Loew has said they will get their chance on the road to Russia, in forthcoming qualifiers and friendlies, plus next June's Confederations Cup, against the likes of Portugal, Mexico, Chile, Australia, New Zealand and hosts Russia.
Hoffenheim defender Niklas Suele made his debut against Finland while Schalke 04's Max Meyer and Bayer Leverkusen's Julian Brandt also started in Moenchengladbach.
All three are still only 20.
"They did well. You could see that we were taking a look at the future," Loew said following the Finland win.
"It was either their first game, or one of their first, and we'll be using games like that to give the players experience.
"That's how I'll most likely use the Confed Cup.
"I want to increase the prospects of the younger players. From now on, the door is wide open."
For now, Loew will take no risks with the starting line-up in Oslo, but Meyer and 21-year-old Bayern Munich defender Joshua Kimmich are expected to feature.
A 2-0 defeat away to Poland in October 2014 meant Germany lost their opening Euro 2016 qualifier.
Loew will want no repeat against Norway, who lost their warm-up friendly 1-0 to Belarus in Oslo on Wednesday.
"We will field a strong team. And we will win," he insisted.
Home qualifiers against Czech Republic and Northern Ireland, a friendly away to Italy and a trip to minnows San Marino will follow in October and November.
Neuer said four wins from their four qualifiers in 2016 are expected.
Loew has an embarrassment of young riches waiting in the wings.
Rising stars like winger Leroy Sane, for whom Manchester City reportedly paid £37 million ($48m, 43m euros), and Borussia Dortmund's defensive midfielder Julian Weigl are also still only 20.
The same goes for Schalke's attacking midfielder Meyer, who captained the Germany team in Rio and scored the senior side's opening goal against Finland.
He turns 21 on September 18.
"A new cycle will begin now," Germany's team manager Oliver Bierhoff said Friday.
"We have analysed the Euro, Schweinsteiger and Podolski have retired, so this is our first overhaul since the 2014 World Cup.
"The team's faces change regularly, but we have to keep working hard, keep developing the team and fill any holes left (by retirements).
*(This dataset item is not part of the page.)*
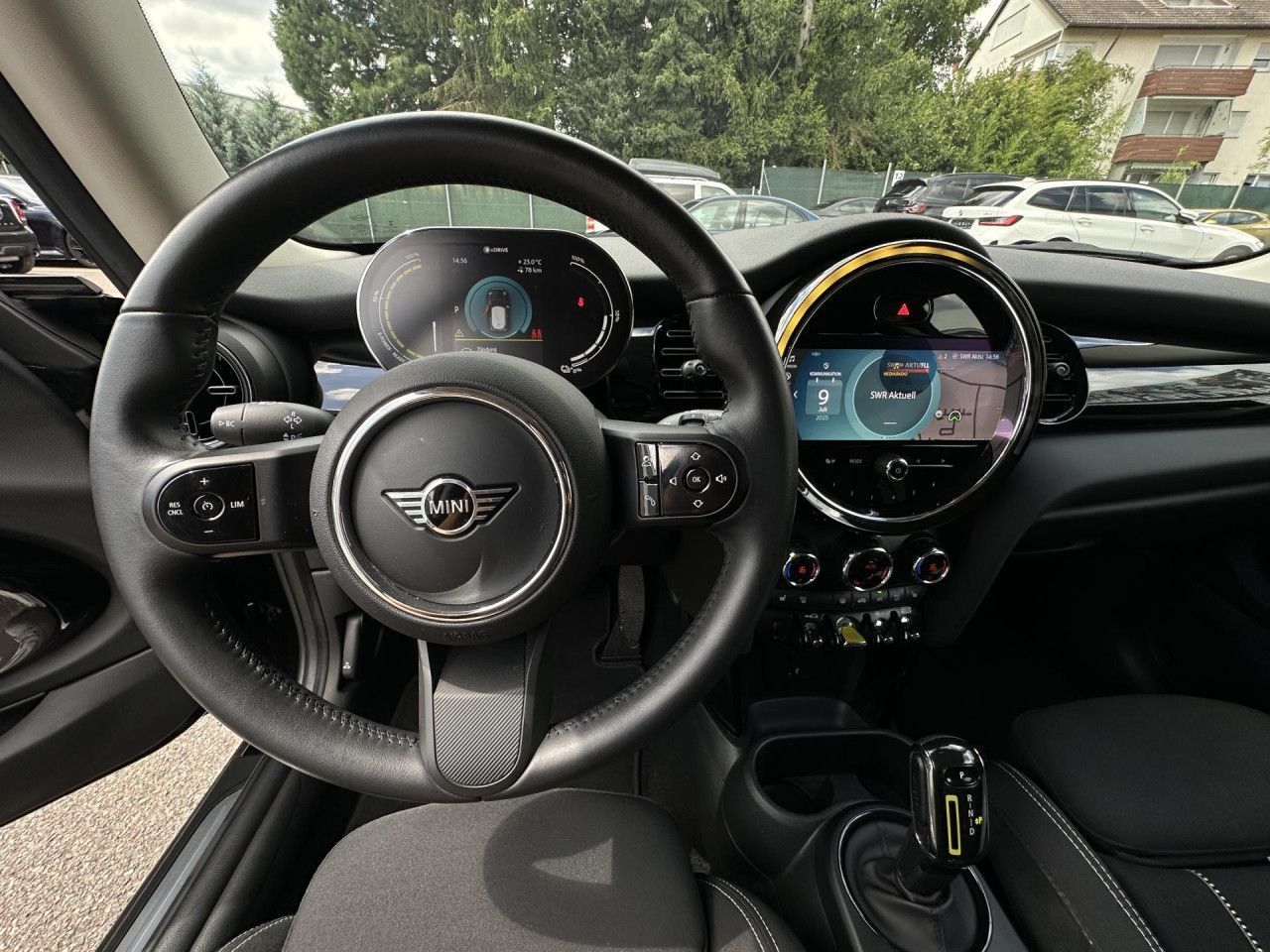 MINI Cooper SE Essential - Samsaru's Car Outlet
"We have to give the next generation the experience and the opportunities at the top level."
The world champions themselves are far from an ageing bunch.
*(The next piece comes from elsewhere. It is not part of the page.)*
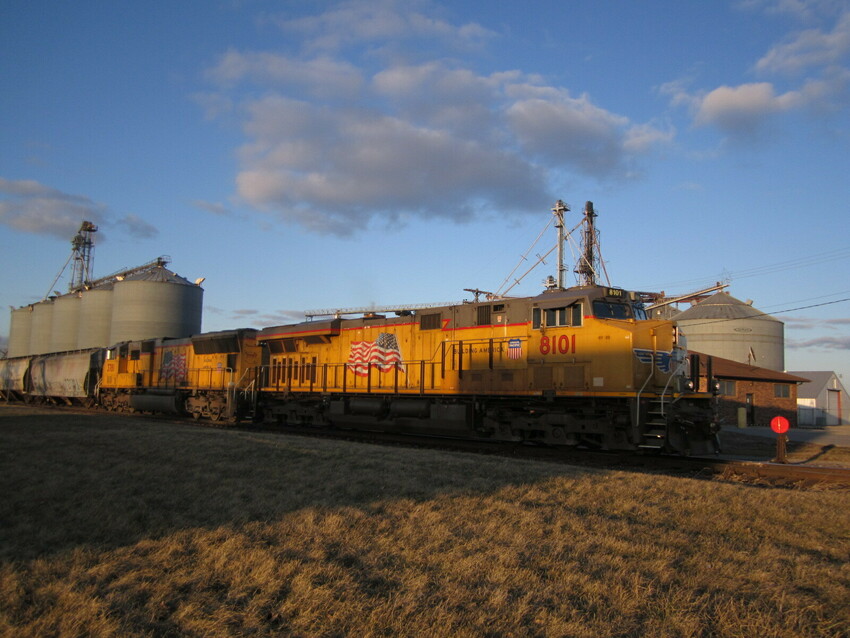 Photo of A Union Pacific freight train near Elhkart, IA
Of Loew's trusted core, Toni Kroos and Thomas Mueller are still only 26, while Jerome Boateng, Mats Hummels and Mesut Ozil are 27.
Of the other World Cup winners, only Benedikt Hoewedes, Sami Khedira and Neuer will be the wrong side of 30 when the next World Cup kicks off in June 2018.
Neuer, voted the world's best goalkeeper for the last three years, follows on from Lahm, who captained Germany from 2010 until the World Cup win in Brazil, and Schweinsteiger, skipper from 2014 through to Euro 2016.
Having already been captain for five of Germany's six matches at Euro 2016, when Schweinsteiger was sidelined with a knee injury, Neuer says his role is to integrate tomorrow's stars into the national set-up.
"I try to speak to the young players and make sure they feel welcome," said Neuer.
"It's worked well and they have confirmed that with their performances."